The changed pattern of land holdings, changed cropping pattern due to shift from light to cash crops, liberalisation policies which pushed Indian agriculture into the global markets without a level playing field, growing cost of cultivation, uncertainty of crop output, lack of profitable prices, indebtedness, neglect of agriculture by the government and its agencies, decline of public investment, individualisation of agricultural operations, so on and so forth. This constitutes the vicious cycle a farmer is trapped in.
The demands of farmers have been more or less the same over the years, from procuring loan waiver to respectable minimum support price for their yield.
A couple of months prior to the farmers' uproar in Madhya Pradesh and Maharashtra, we saw Tamil Nadu farmers protesting for a month at Jantar Mantar, Delhi, with almost the same demands. To remind the reader, similar apathy and insensitivity has been served to farmers in the country for long now.
Needless to say, the middle class and media seem to have the motto "ignorance is bliss". Farmers' narratives are being ridiculed by showcasing packaged drinking water or their attire.
Such deliberate attempts to de-legitimise farmers' protests is also an attempt, though failed, to repackage the development agenda by the Indian state. Thus, what at this juncture becomes crucial is revisiting the political economy of agrarian distress in India.

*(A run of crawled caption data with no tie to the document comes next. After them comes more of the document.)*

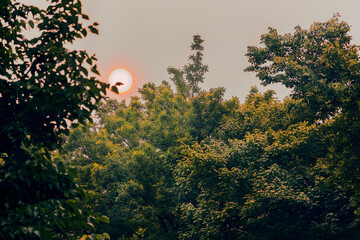 sunset in the woods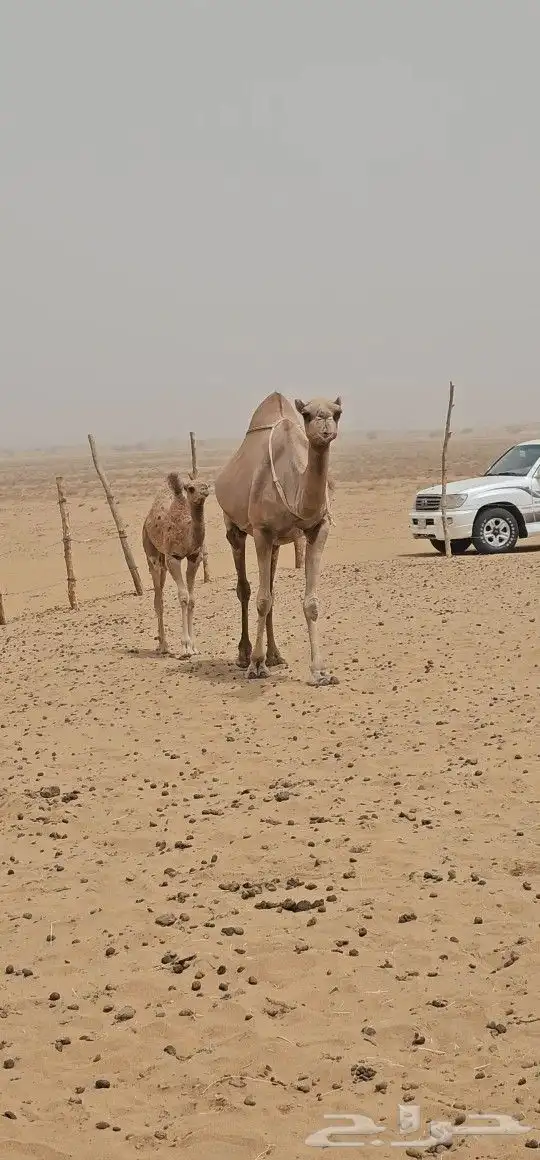 للبيع خلفه ساحليه كفو ديس وحليب 0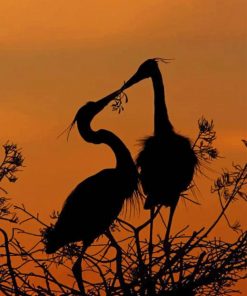 Heron Silhouette paint by numbers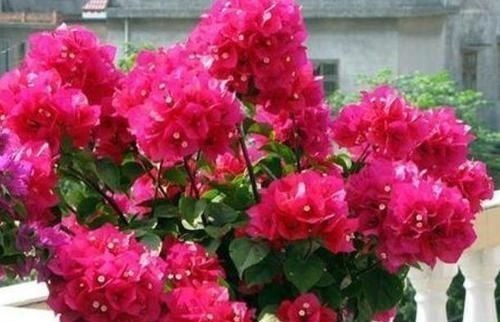 开花最香的4种花,家里养一盆,花姿妖娆,四季繁花似锦,美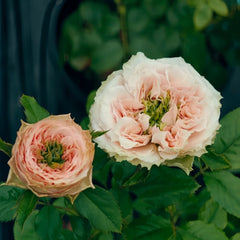 Sweet Eye Rose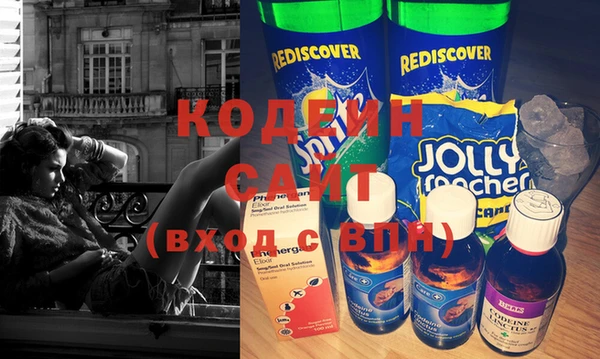 индика Балахна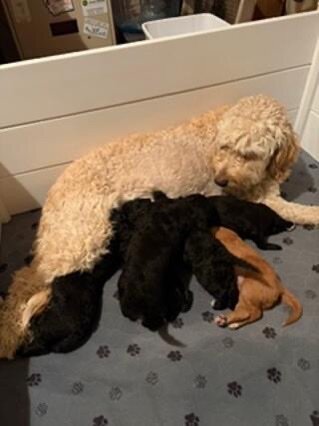 Golden Mountain Doodle Puppies image 2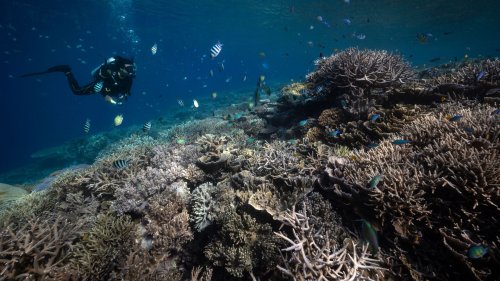 World's fourth global coral bleaching event is underway, NOAA says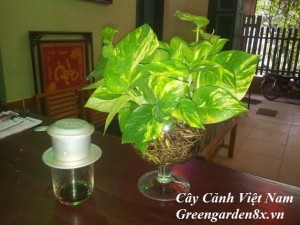 Cây trầu bà đốm MSP-TC0014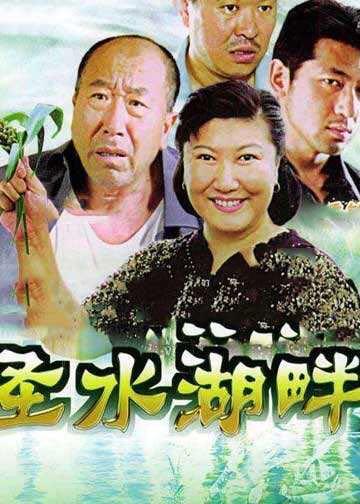 团圆电视剧全集深度解析与推荐，40集精彩剧情回顾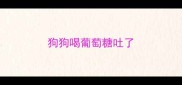 狗狗喝葡萄糖吐了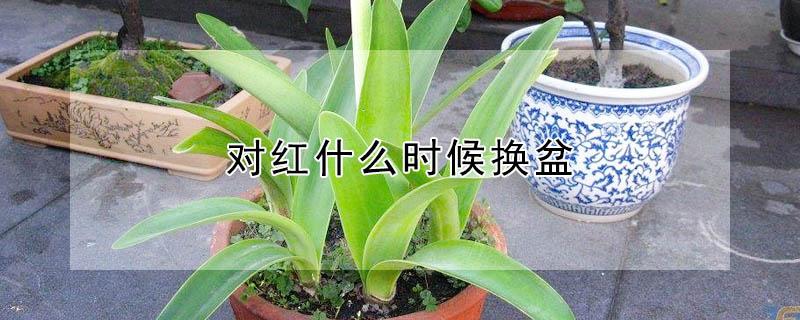 对红什么时候换盆（对红啥时候换盆）
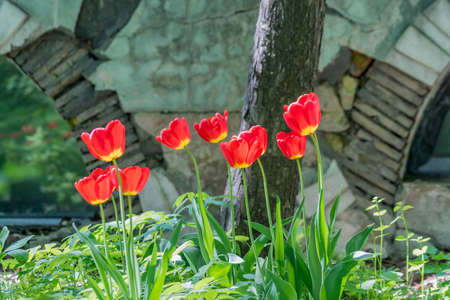 blooming red tulips in city flowerbed. Flower background. Summer garden landscape.の写真素材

Political economy of agrarian distress
We in political theory presume that the voice of a larger number of people tends to have a say in mass electoral democracy. But this does not seem to be the case in India. The fact that one fifth of the population engaged in agriculture is not cared for by the government in a democracy, remains an aberration. So, how and why is it that farmers are marginalised both economically and politically?

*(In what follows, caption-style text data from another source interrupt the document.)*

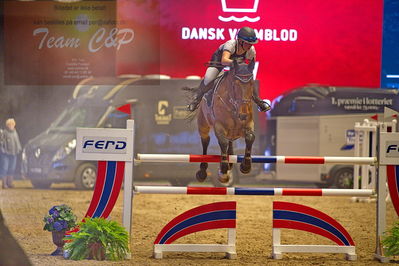 Dansk varmblod hingstekåring.
galashow-kustumespringnin
Nøgleord: josephine bøgh;atlantico 12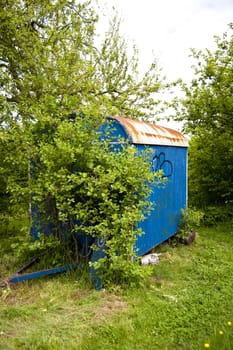 scene in a herb garden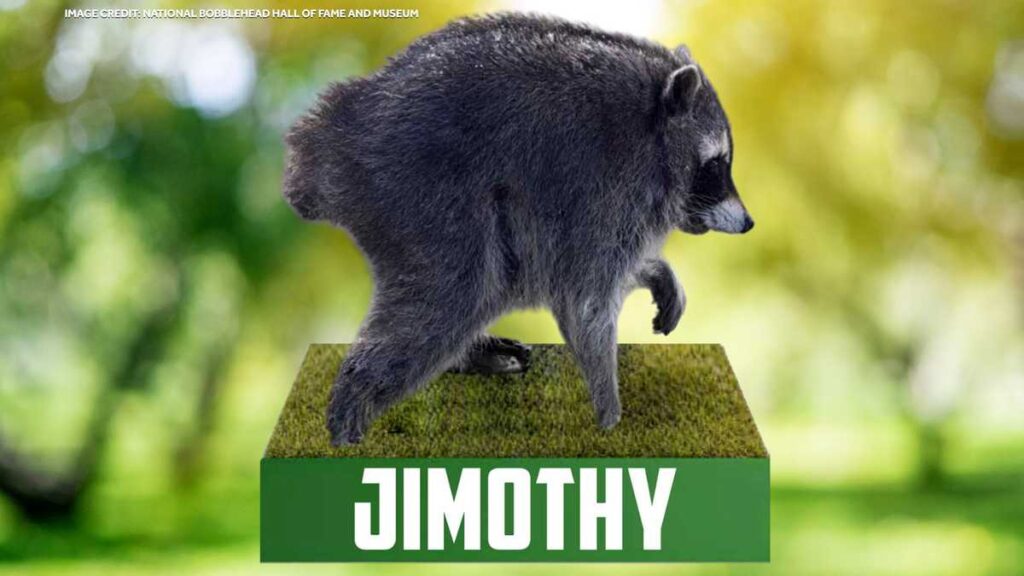 ‘Jimothy’ the raccoon becomes pop culture star with bobblehead and Google animation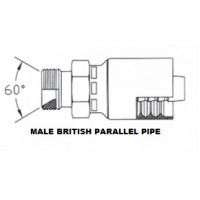 3/8 X 3/8 Male British Standard Pipe Parallel 3/8 X 3/8 Male British Standard Pipe Parallel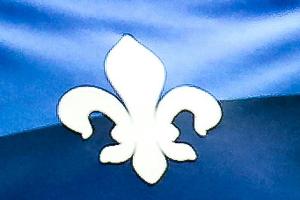 Darmstadt 98: Profi-Verträge für Quartett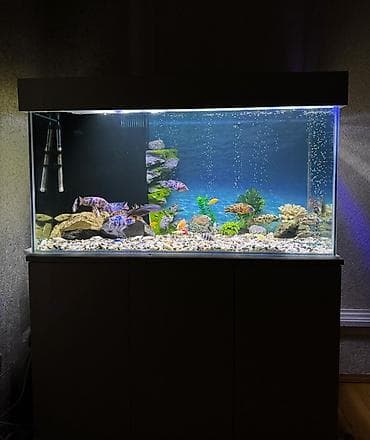 baliq tutanar: . Salam.Akvarium altligilə birlikdə satilir Uzunlugu 1.20 Eni 50 — 5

Eminent political scientist KC Suri classifies the post-Independence era into three phases. First, the 1950-60s which was marked by reforms and consolidation of agriculture; second the period of the Green Revolution and growth of political populism during the 1970s-80s; and the third being the advent of liberalisation and deterioration of farmers' condition after the 1990s.
A precise backgrounder to the present distress can be traced from the above stages. It was immediately after Independence that the Nehruvian government came up with pro-peasant policies such as re-distribution of land, abolition of intermediaries, reduction of land revenue and most important, greater share in political power for farming communities at the state level.
However, this had a strategic understanding that agrarian surplus was inevitable for industrial growth. But this instrumental approach could not help farmers at large, although it did to an extent.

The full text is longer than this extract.